- Born: 11 August 1955 Nakhchivan, Nakhchivan AR, Azerbaijan SSR
- Died: 1 October 1992 (aged 37) Lachin, Lachin Rayon, Azerbaijan
- Burial place: Baku, Azerbaijan
- Occupation: Police Captain
- Awards: National Hero of Azerbaijan

= Ali Mammadov =

Azerbaijani National Hero (1955–1992)

Ali Huseyn oglu Mammadov (Əli Hüseyn oğlu Məmmədov) (11 August 1955 – 1 October 1992) - National Hero of Azerbaijan was born on August 11, 1955, in the Nakhchivan city of Nakhchivan Autonomous Republic of Azerbaijan.

==Life==
During his youth, his parents moved to Baku where he received his secondary education at School No. 255. In 1975, he passed his military service in Hungary. In 1982, he entered the Police Academy. He worked as a police captain within the Department of Criminal Investigation.

==In Battles==
Since 1992, Ali Mammadov started to go to the front. On September 24, 1992, he began to fight in the Lachin Rayon.
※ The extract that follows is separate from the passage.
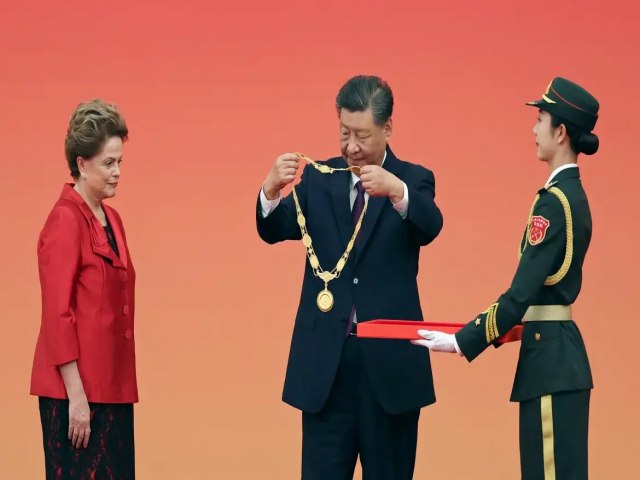 Ex-presidente Rousseff Dilma recebe medalha de presidente chins Xi Jinping 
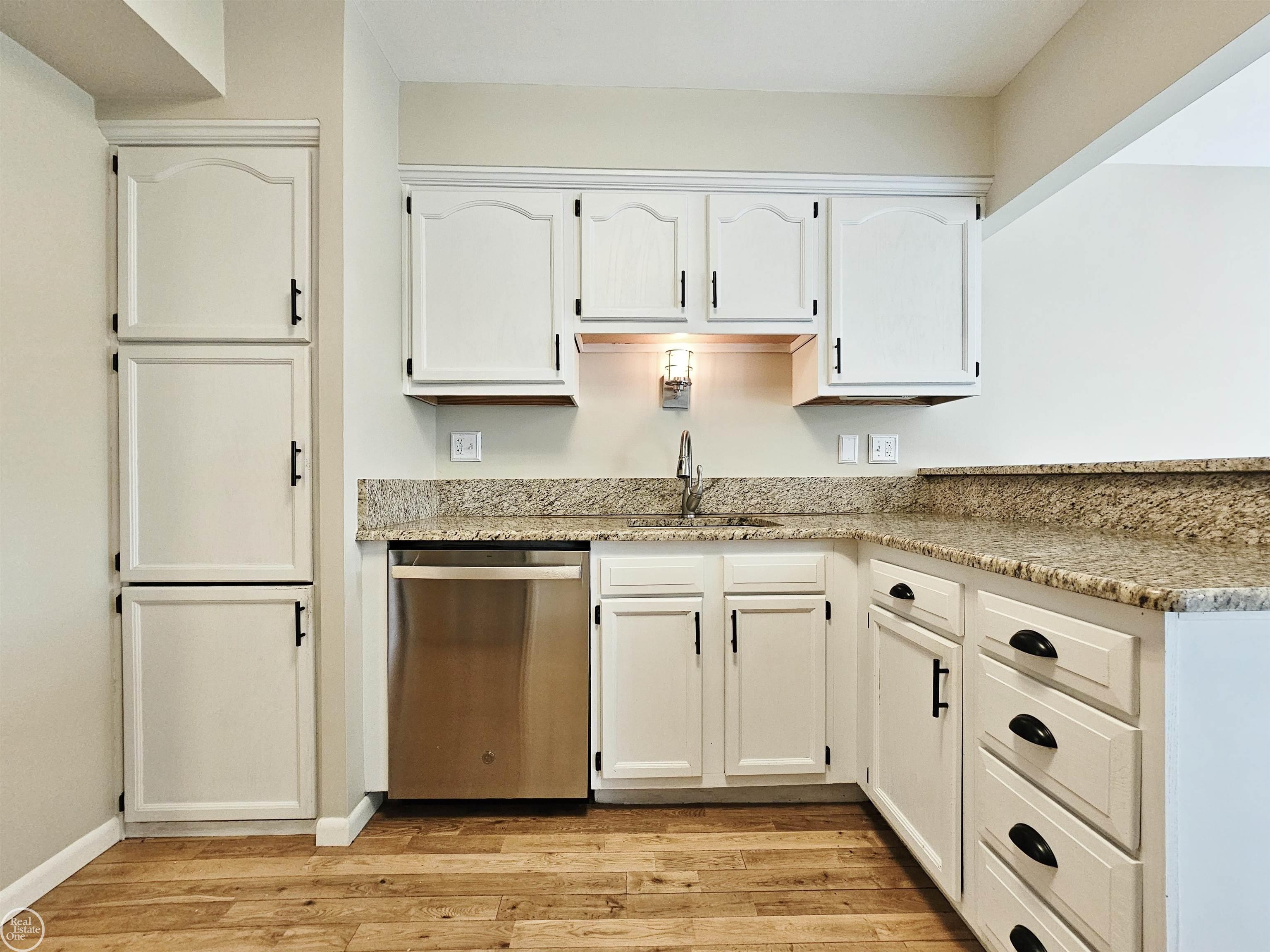 1693 Riverside Drive, Unit 6 Rochester Hills, MI 48309 - Photo 13 of 30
He and other fighters which had captured the Gyzarty height and were subjected to a strong attack in the early morning on October 1, 1992. While bringing out wounded to a safe place, and fighting in the center of the battle, Ali was severely wounded in the head and died at the battlefield.

==Family==
He was married and had two children.

==Awards==
He was posthumously awarded the title of the National Hero of Azerbaijan by the decree # 273 of the president of Azerbaijan Republic on 19 October 1992.

He was buried in the Alley of Martyrs in Baku.

One of the streets of Baku is named after Ali Mammadov.